Sheep Farming in Predator Country

by Paul White

Never let anyone tell you that it's not possible to farm with sheep in predator country because it is. Shepherds and herdsmen have been grazing livestock in Transylvania for centuries and without fences. The big difference here is that sheep never graze on open ground alone. Shepherds are always present with the support of their livestock guardian dogs (LGD) to instantly counter threats from predators.

Livestock Guardian Dog (LGD) ever watchful for predators

This was far from a typical day as normally I would be down there in one of those snow covered houses trying to keep warm. It was well below freezing, but rather than sit around the house I decided to take a trip into the foothills with Bandi, one of the many shepherds that live in the village. Usually I visit Bandi in fair weather during the grazing season which covers spring, summer and autumn. So this winter grazing trip was a first for me.

Bandi preparing for some winter grazing

This is not 'one man and his dog', but more one man and his pack! Bandi had chosen five dogs for the several hours of grazing planned in the surrounding hills. Several points have to be considered before deciding which and how many dogs to take.

Predator burden - This area of the eastern Carpathians has a high predator burden for shepherds. The greatest threat comes from wolves and bears, so more LGDs are required to protect sheep. In winter when food is scarce, wolves move down from the surrounding hills and forests. They usually prey on wild boar and deer, but in winter often target stray dogs from villages. There is also the expectation that bears are hibernating in winter, but not all, especially if there is a food source available. Bears scavenge from bins and passing motorists, but equally both predator species will take sheep if not adequately protected.

Flock size - obviously the more sheep you have to watch and protect the more LGDs you need. All dogs are different and their skills, personalities, strengths and weaknesses must all be considered by the shepherd when choosing which dogs to take with him. Seniors obviously have more experience and knowledge but may not be as fit and agile as the juniors. The oldest dog with us was twelve years old, an incredible age for such a large dog. Although fit and healthy, it stuck close to the shepherd and the sheep. So did two other dogs whilst the remaining two acted as 'outriders' checking the ground surrounding the flock, especially bushes and trees that offer cover for predators.

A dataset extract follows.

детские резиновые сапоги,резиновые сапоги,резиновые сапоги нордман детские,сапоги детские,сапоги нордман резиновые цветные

It is important to say that here there is never a scenario of a shepherd working with one dog. A single dog is no match for a wolf or bear. Dogs are only effective when working in cooperation with others, so two is always the minimum number.

Moving the sheep uphill

Livestock guardian dogs do not drive sheep, they integrate with them and surround the flock to protect them. If a bear or wolf attacks then these dogs will put their lives on the line to repel the predator.

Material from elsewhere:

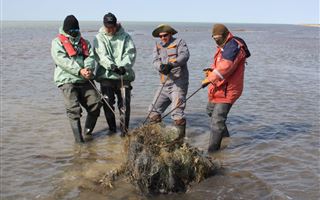 Почти 4 тысячи килограммов сетей обнаружила экспедиция по спасению тюленей в Каспийском море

As soon as the dogs and sheep left the village they all knew the routine and made their way uphill along a track which connects with one of several communal meadows that surround the village. I followed taking photos and noted that there was little verbal communication between the shepherd and his dogs. There was no need really as the dogs knew what to do and the sheep knew where to go.

LGD's following sheep

Obviously there's not the same amount of grass available compared to summer but the sheep did find some morsels to eat amongst the snow. However, these winter excursions are not just about nutrition as the sheep are given plenty of winter feed in large barns. This is also about exercising the animals, especially the dogs as the winter here can be very long, often extending from November to April.